Retiring Wells Fargo CFO to Get $27 Million
Wells Fargo's former CFO Howard Atkins stands to walk away from the company with deferred compensation, pension benefits and stock grants valued at $27.21 million as of Wednesday's close.
An earlier report by CNBC put the number at closer to $10 million, but Wells Fargo confirmed that Atkins will keep restricted share rights (RSS) and retention performance shares (RSP). These will vest over time and their value may fluctuate depending on the company's performance.
Equilar, an executive compensation data firm, said SEC filings show Atkins was granted 200,292 RSPs in 2010, 189,800 RSPs in 2009, and 127,937 RSRs in 2009. Using Wednesday's closing price of $33.13 , Equilar estimates the value of these grants and some options held by Atkins at $17.96 million.
In addition Atkins keeps pension benefits worth $937,775, and deferred compensation worth $8,315,497 bringing the total to $27,213,272.
Late Tuesday, San Francisco-based Wells Fargo unexpectedly said Atkins was immediately taking an unpaid leave of absenceto deal with a "personal matter." He will retire in August.
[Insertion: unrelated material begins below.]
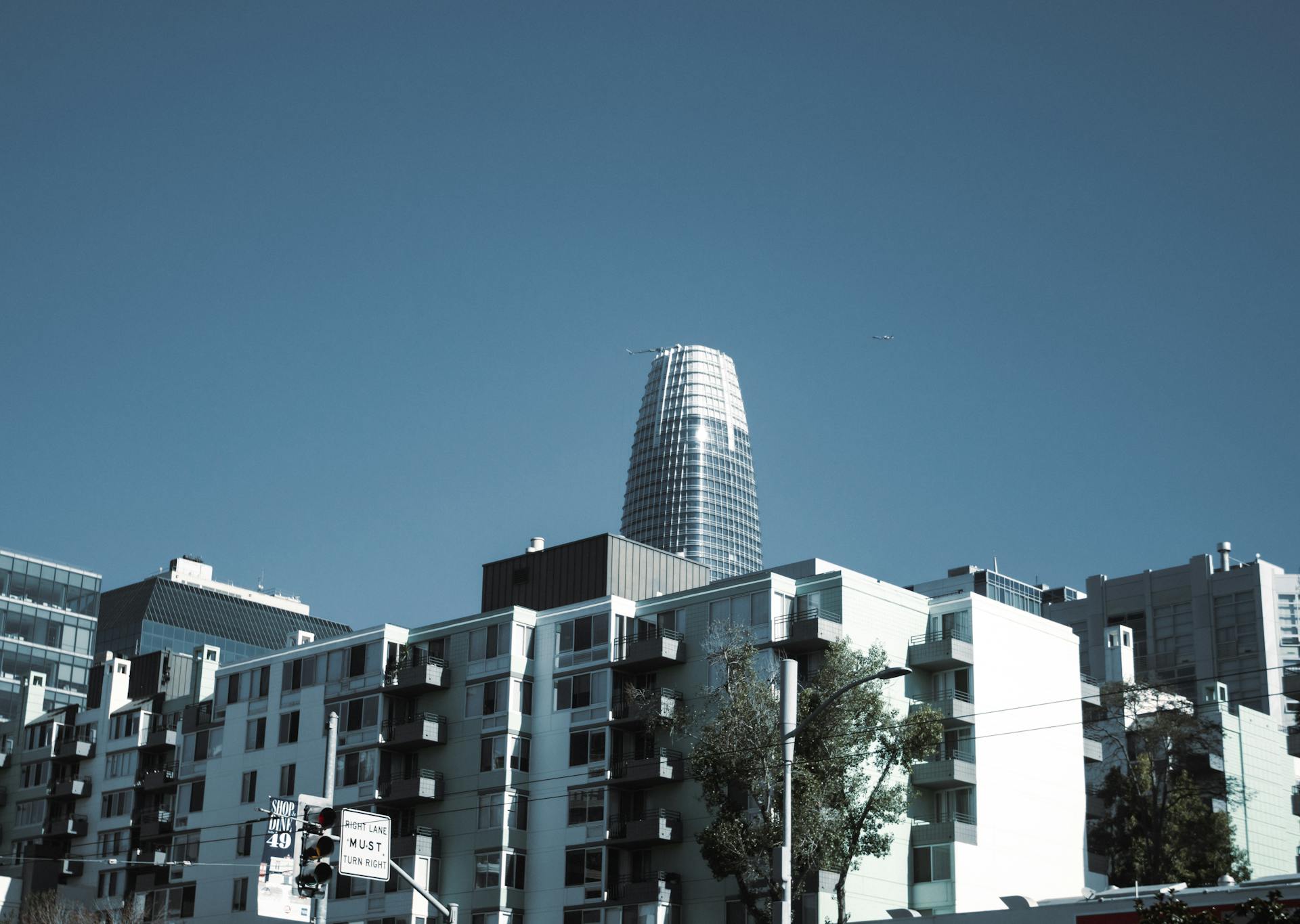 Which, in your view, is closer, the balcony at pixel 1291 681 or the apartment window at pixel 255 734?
the apartment window at pixel 255 734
Atkins has been with the firm for ten years and Wells Fargo said his decision to retire has nothing to do with the company's financial condition or financial reporting. Atkins is being replaced by Timothy J. Sloan, the bank's chief administrative officer and a senior vice president.
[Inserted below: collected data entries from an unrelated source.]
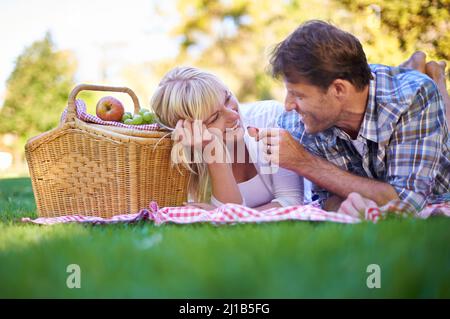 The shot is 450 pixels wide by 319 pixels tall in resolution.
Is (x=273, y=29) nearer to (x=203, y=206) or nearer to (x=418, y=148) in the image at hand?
(x=203, y=206)

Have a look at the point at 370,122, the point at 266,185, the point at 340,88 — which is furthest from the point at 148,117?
the point at 370,122

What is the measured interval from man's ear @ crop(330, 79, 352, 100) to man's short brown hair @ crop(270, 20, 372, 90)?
2 cm

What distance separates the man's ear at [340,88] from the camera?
120 inches

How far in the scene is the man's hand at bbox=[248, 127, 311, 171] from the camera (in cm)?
306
In a note to clients, Rochdale Research analyst Dick Bove said the bank owes shareholders a greater explanation of this event, noting its highly unusual for a CFO to step down just ahead of the company filing its 10-K and ahead of the release of the results of the stress tests being conducted by the Federal Reserve.
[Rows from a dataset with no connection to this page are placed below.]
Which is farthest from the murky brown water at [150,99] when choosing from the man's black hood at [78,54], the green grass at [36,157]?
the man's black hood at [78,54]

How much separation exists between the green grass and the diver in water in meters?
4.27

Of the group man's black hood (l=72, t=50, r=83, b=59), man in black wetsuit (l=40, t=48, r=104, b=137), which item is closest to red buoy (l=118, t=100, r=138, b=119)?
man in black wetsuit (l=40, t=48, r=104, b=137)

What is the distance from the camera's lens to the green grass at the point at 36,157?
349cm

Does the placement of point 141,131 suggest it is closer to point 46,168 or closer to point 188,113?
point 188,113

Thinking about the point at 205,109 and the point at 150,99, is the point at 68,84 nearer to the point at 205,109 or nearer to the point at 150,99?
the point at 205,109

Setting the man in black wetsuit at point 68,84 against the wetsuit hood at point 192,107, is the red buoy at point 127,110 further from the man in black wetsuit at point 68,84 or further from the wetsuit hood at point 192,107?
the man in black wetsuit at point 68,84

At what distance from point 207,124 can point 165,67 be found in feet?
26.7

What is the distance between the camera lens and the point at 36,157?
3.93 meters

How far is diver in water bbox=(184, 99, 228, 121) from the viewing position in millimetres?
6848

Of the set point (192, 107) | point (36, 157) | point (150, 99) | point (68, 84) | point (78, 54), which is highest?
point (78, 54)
"It is not normal for a CFO to leave a company for personal reasons when major disclosures about to be made," Bove wrote.
Correction: An earlier version of this article incorrectly listed Wells Fargo's former CFO Howard Atkins total compensation package at $25,475,497 when it should have been listed at $27,213,272. And the second paragraph is now corrected on what types of shares he will keep.